======== DATA UNDER STUDY ========

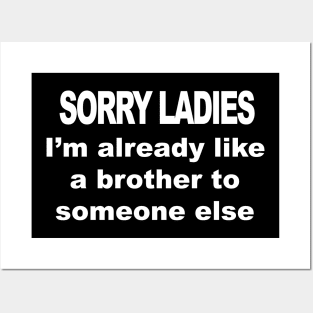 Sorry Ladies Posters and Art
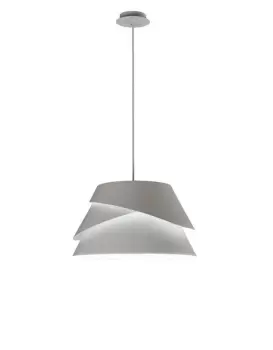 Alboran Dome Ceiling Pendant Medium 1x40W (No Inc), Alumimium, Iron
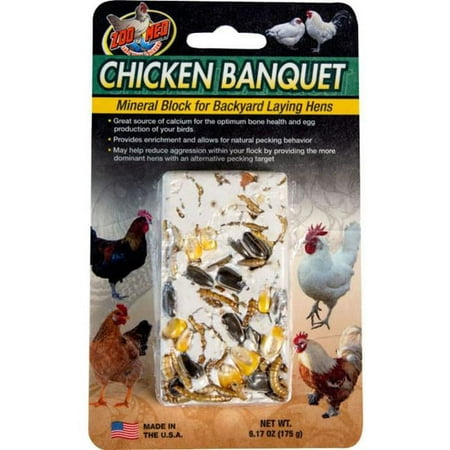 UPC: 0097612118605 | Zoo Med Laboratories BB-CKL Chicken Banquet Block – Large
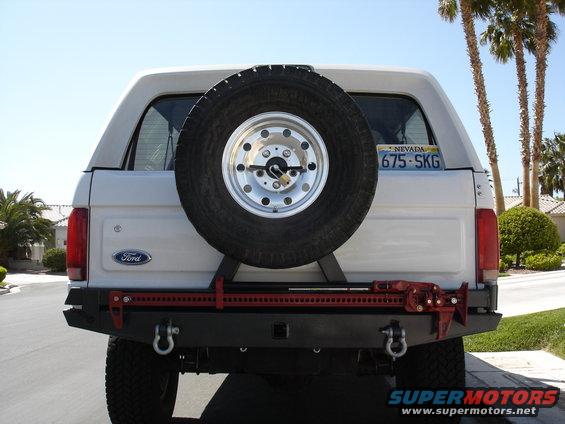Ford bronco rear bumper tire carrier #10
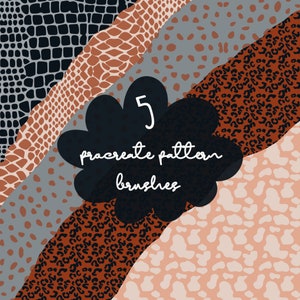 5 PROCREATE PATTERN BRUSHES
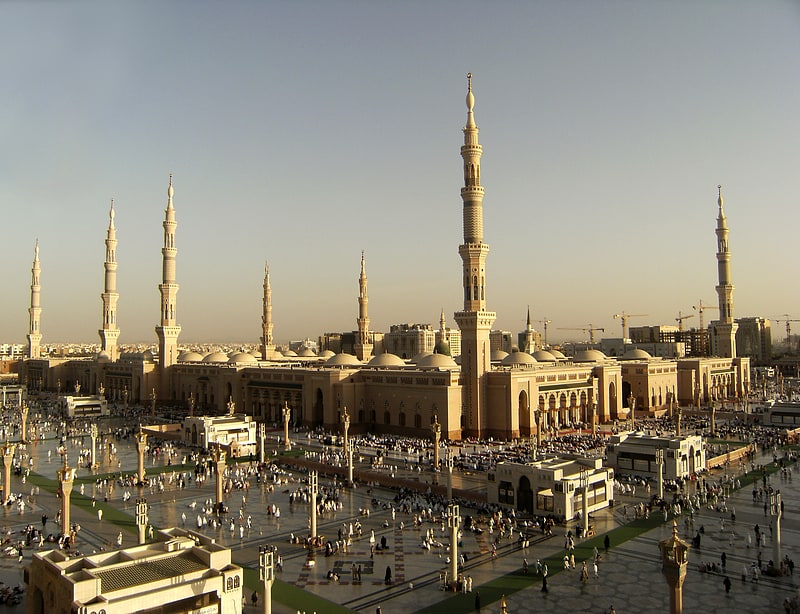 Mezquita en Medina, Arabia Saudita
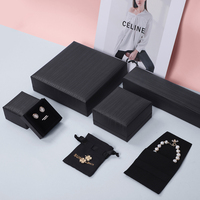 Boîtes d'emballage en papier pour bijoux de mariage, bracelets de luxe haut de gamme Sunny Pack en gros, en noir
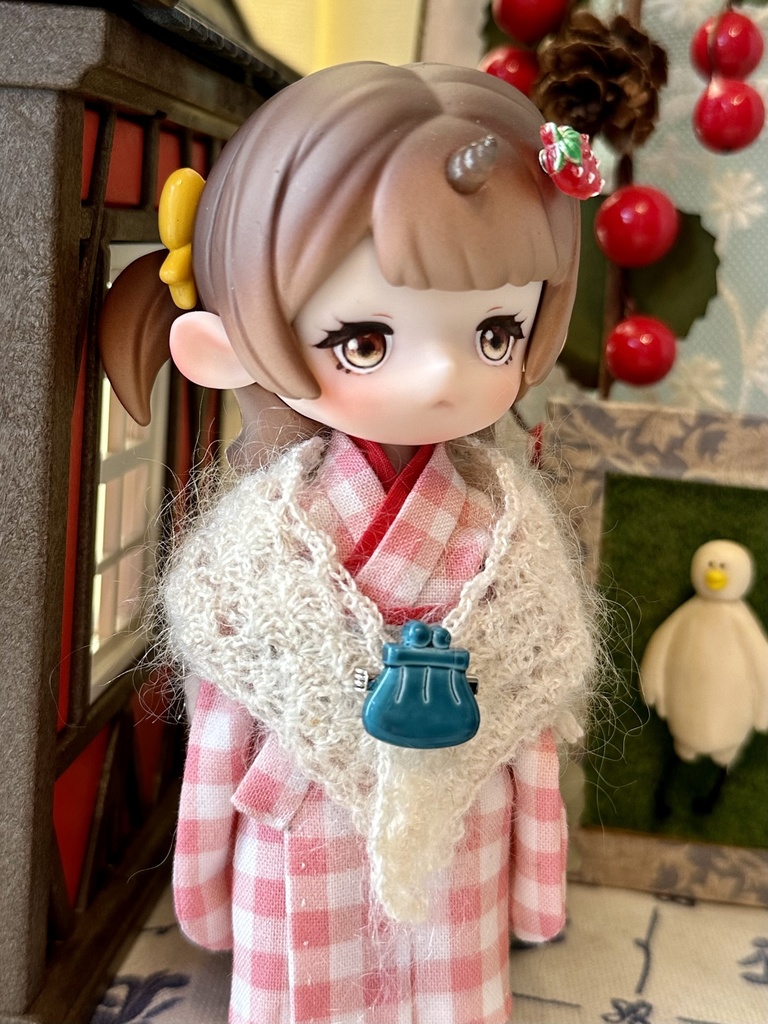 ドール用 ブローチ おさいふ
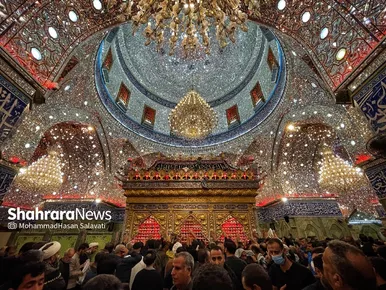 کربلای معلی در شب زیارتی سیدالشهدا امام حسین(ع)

========

TASK DETAILS. Exactly reproduce each record, leaving out any pictures.

EXERCISE OUTPUT.
 Sorry Ladies Posters and Art
 Alboran Dome Ceiling Pendant Medium 1x40W (No Inc), Alumimium, Iron
 UPC: 0097612118605 | Zoo Med Laboratories BB-CKL Chicken Banquet Block – Large
Ford bronco rear bumper tire carrier #10
 5 PROCREATE PATTERN BRUSHES
 Mezquita en Medina, Arabia Saudita
 Boîtes d'emballage en papier pour bijoux de mariage, bracelets de luxe haut de gamme Sunny Pack en gros, en noir
 ドール用 ブローチ おさいふ
 کربلای معلی در شب زیارتی سیدالشهدا امام حسین(ع)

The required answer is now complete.